Donizetti, Lucia di Lammermoor. Production d'Andrei Serban en 2006, Ludovic Tézier (Enrico) et Natalie Dessay (Lucia). Photo : DR, Opéra national de Paris

Dans la ligne de June Anderson dans cette même production de Serban, et plus en phase avec l’italianita de l’ouvrage que ne l’était Natalie Dessay qui l’y a précédée en 2006, Patrizia Ciofi (1) campe une Lucia d’une intensité et d’une évidence confondantes. Voix limpide et luxuriante, timbre lumineux, vocalité d’une tenue exceptionnelle, présence éblouissante de simplicité et de féminité, la soprano colorature italienne s’impose dès sa première réplique, son incarnation allant crescendo jusqu’à une scène de la folie d’anthologie, durant laquelle elle erre à travers le plateau, jouant dangereusement avec une hache qu’elle dissimule et extrait plusieurs fois d’une meule de foin sur laquelle elle se jette sans crainte, au risque de se blesser… Le public lui a réservé samedi un long triomphe au terme de cette scène, certains n’hésitant pas à réclamer un bis ; un triomphe qu’elle a tenu à partager avec la flûte solo tenue par Frédéric Chatoux - regrettons cependant que le chef ait renoncé au glass harmonica pour lequel Evelino Pido avait opté en 2006 en lieu et place de la flûte.
Donizetti, Lucia di Lammermoor. Production d'Andrei Serban en 2006, Ludovic Tézier (Enrico) et Natalie Dessay (Lucia). Photo : DR, Opéra national de Paris
Aux côtés de Patrizia Ciofi, après un long échauffement dans la première partie, Vittorio Grigolo (Edgardo di Ravenswood) conduit sans faillir jusqu’au terme de l’ouvrage une voix claire au timbre lumineux servant une ligne de chant impeccable et au riche nuancier qui lui permet de conclure en apothéose dans un poignant « Tu che a Dio spiegasti l’ali » (Toi qui vers Dieu a pris son vol). En revanche, l’Enrico Ashton de Ludovic Tézier, au jeu comme pétrifié, apparaît un peu éteint et sa projection vocale limitée, mais le timbre est toujours séduisant.
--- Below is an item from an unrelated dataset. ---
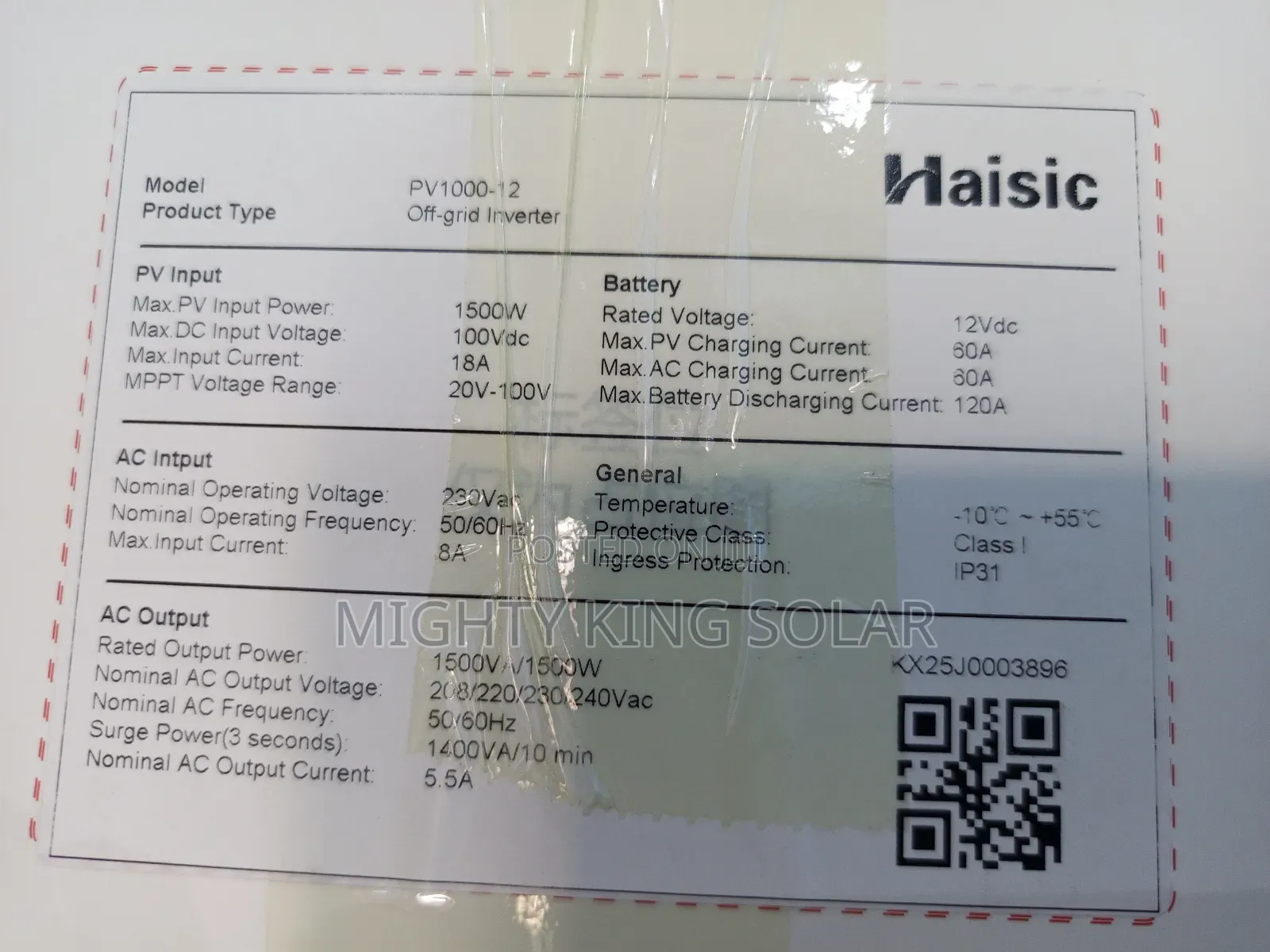 1.5kva Haisic Hybrid Inverter New Face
Alfredo Nigro (Arturo Bucklaw) et Eric Huchet (Normanno) semblent un peu effacés s’attachant à donner consciencieusement la réplique à leurs partenaires, mais se gardant de se faire de simples faire-valoir, contrairement à Cornelia Oncioiu, Alisa trop discrète. En dépit d’un registre grave manquant de profondeur, Orlin Anastassov campe un Raimondo Bibedent puissant et bien chantant. Sous la direction ferme et attentive de Maurizio Benini, l’Orchestre de l’Opéra de Paris flamboie comme de coutume, ne se contentant pas d’accompagner mais s’engageant dans l’ouvrage en véritable protagoniste.

Bruno Serrou
1) Le rôle de Lucia est confié en alternance à Patrizia Ciofi (13, 20, 26 septembre, 1er et 6 octobre) et à Sonya Yoncheva (10, 17, 23, 29 septembre, 4 et 9 octobre). Celui d’Enrico à Ludovic Tézier (13, 20, 26 septembre, 1er octobre) et à George Petean (10, 17, 23, 29 septembre, 4, 6, 9 octobre). Edgardo est chanté alternativement par Vittorio Grigolo (13, 20, 26 septembre, 1er, 6 octobre) et Michael Fabiano (10, 17, 23, 29 septembre, 4, 9 octobre).